Our comparison is based on a specific cryptocurrency, Tezos. Dilution explains why the cash value approach systematically overstates taxpayer gain and is not desirable as a matter of tax policy. Our proposals therefore provide options for accounting for dilution, to make a realization-based annual tax fair. Each option results from a different but defensible approach to quantifying the economic value lost to dilution.

Because no one option is clearly superior, and because of the accounting complexity introduced by each option, our results buttress arguments against a policy of annual taxation of reward tokens.5

The lack of an obviously dominant option also implies that our discussion is independently interesting to investors in any assets subject to dilution. The accounting methods we develop suggest ways of decomposing investment returns into appreciation and dilution, and to produce consistent financial reporting of business income from cryptocurrency holdings.

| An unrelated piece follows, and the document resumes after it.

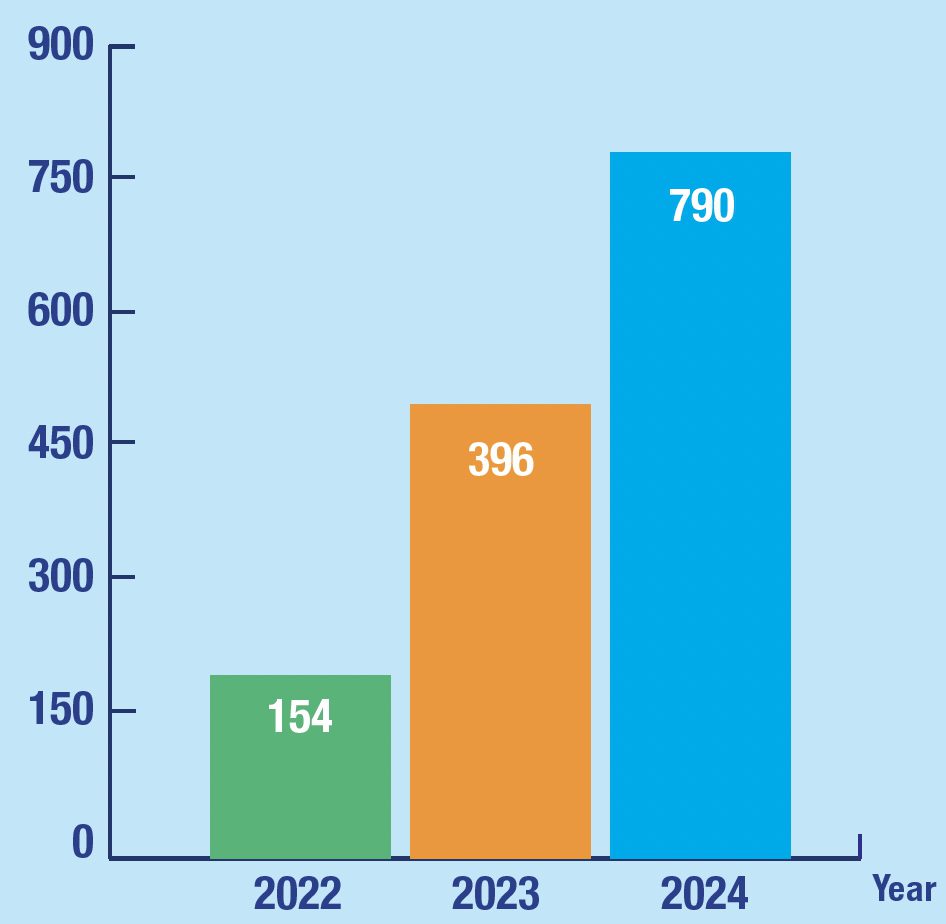 Combined Posts for Facebook & Instagram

II. Accounting for New Tokens

The aforementioned article presents a simple model for establishing true gains and losses from proof-of-stake cryptocurrency block rewards in light of dilution.6 That model is based on two key variables which illustrate the consequences of ignoring dilution. The first is the rate at which new tokens are added to the network: the token creation rate. The second is the percentage of the total supply of tokens that participate in network maintenance through staking: the staking rate.7 The model also excludes any changes in asset value, defined as the aggregate value of all tokens in the network. Later, we begin with this simplified model but then elaborate it to account for the real-world complications introduced when three parameters, held static in the simple model, are relaxed to account for their variance over time.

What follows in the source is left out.